How to complete this task - Your answer should consist solely of the lines from the one holding "Lusaka, Zambie Acheter" through the final line of the entries, reproduced exactly and without pictures.

The data -
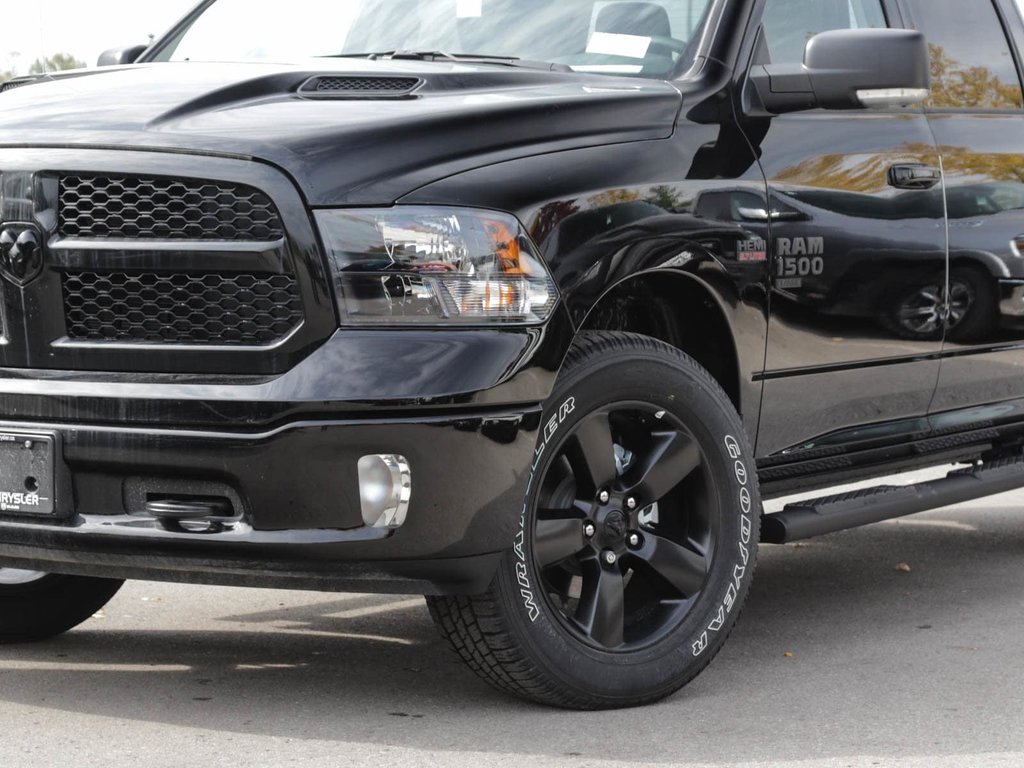 2022 Ram 1500 Classic SLT in Ajax, Ontario at Lakeridge Auto Gallery - 7 - w1024h768px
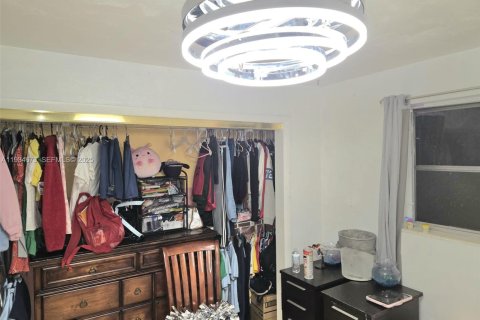 Casa en venta en Miami, Florida, 5 dormitorios, 162.02 m2 № 2035756 - foto 14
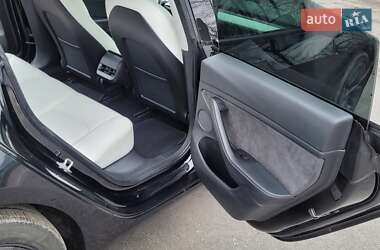 Седан Tesla Model 3 2022 в Житомире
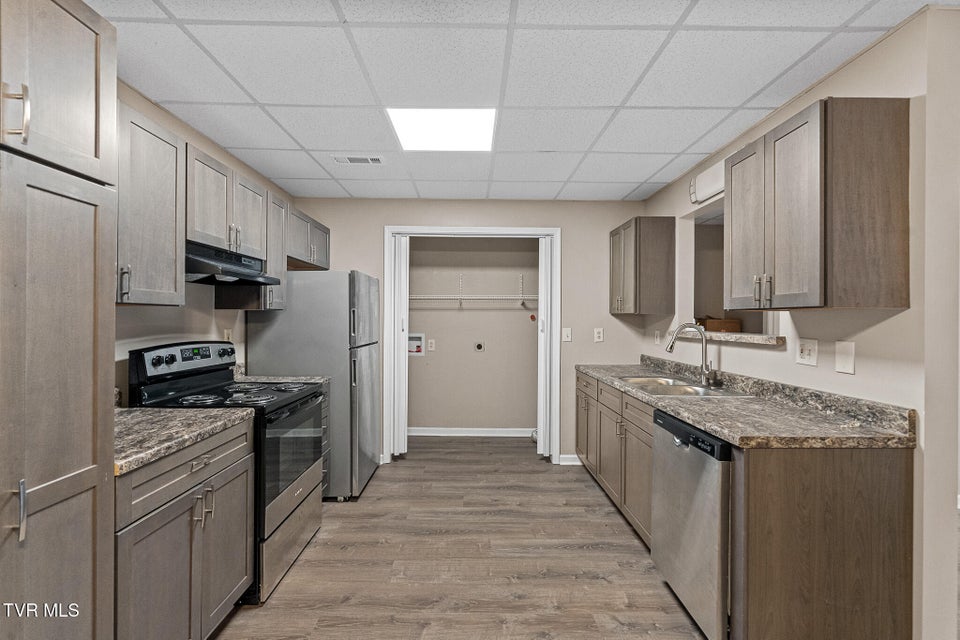 Photo #13: 740 Sunnyside Road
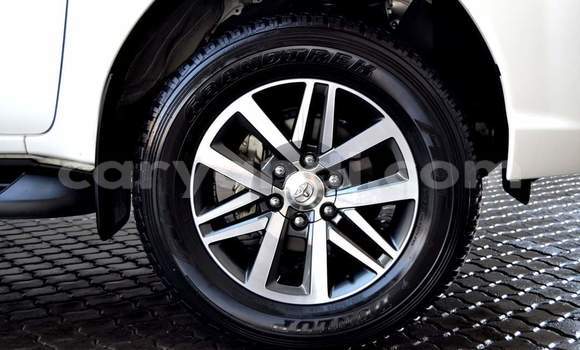 Acheter Occasion Voiture Toyota Hilux Blanc à Lusaka, Zambie Acheter Occasion Voiture Toyota Hilux Blanc à Lusaka, Zambie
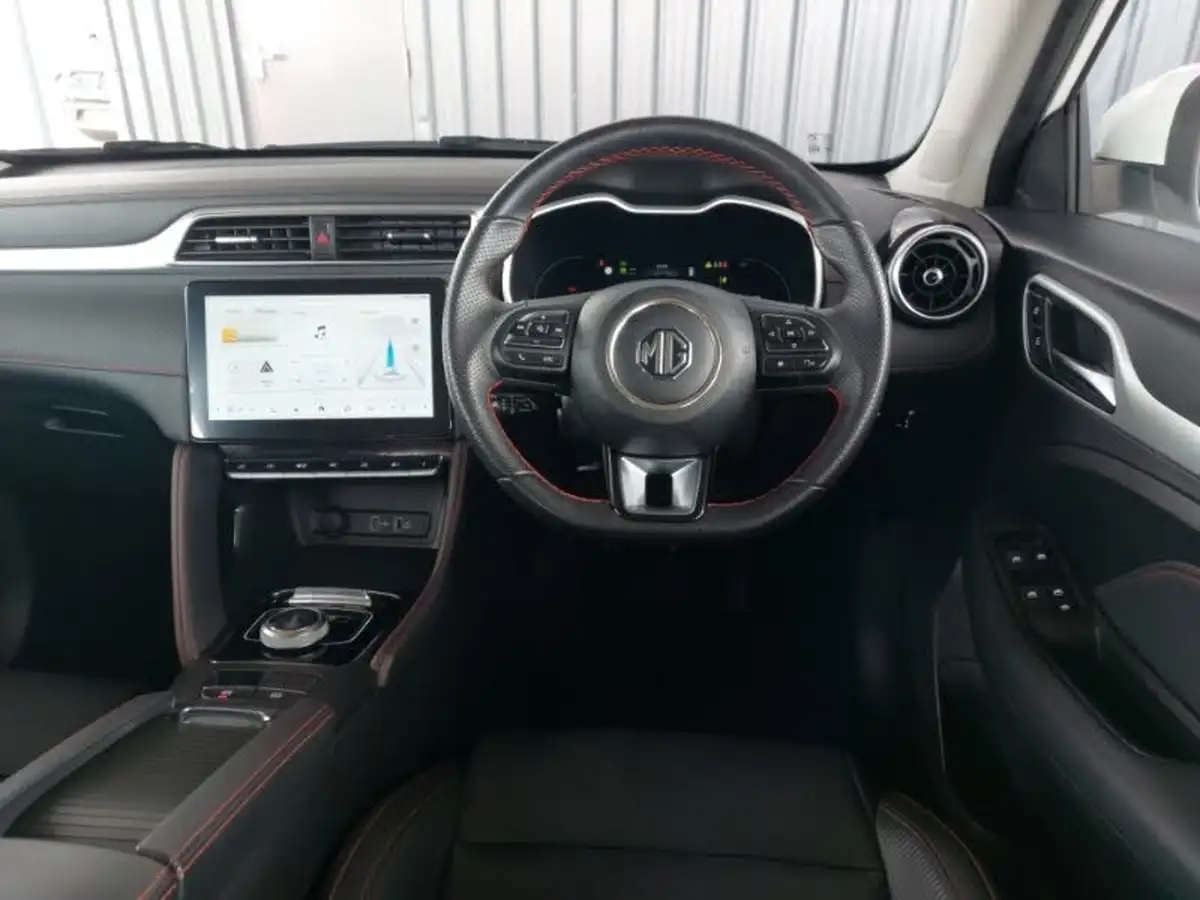 2022-mg-zs-suv-e-trophy-ev-176ps-big-6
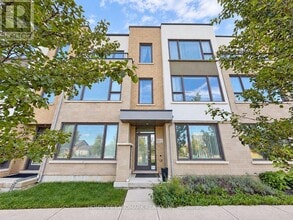 Building Photo - 211 Squire Cres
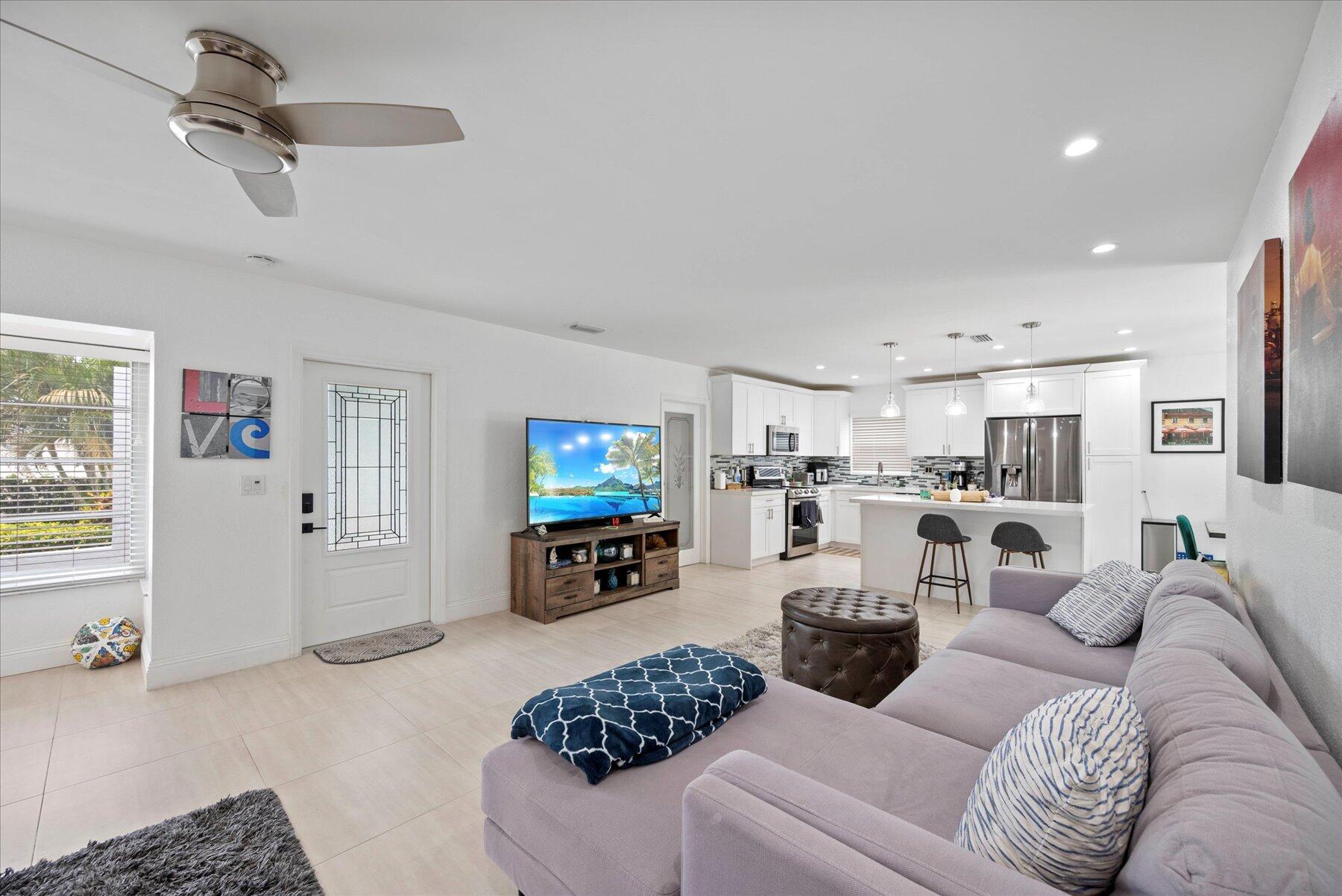 124 Oregon Lane Boca Raton, FL 33487 - Photo 8 of 25 09-DSC_5184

Result -
 Acheter Occasion Voiture Toyota Hilux Blanc à Lusaka, Zambie Acheter Occasion Voiture Toyota Hilux Blanc à Lusaka, Zambie
 2022-mg-zs-suv-e-trophy-ev-176ps-big-6
 Building Photo - 211 Squire Cres
 124 Oregon Lane Boca Raton, FL 33487 - Photo 8 of 25 09-DSC_5184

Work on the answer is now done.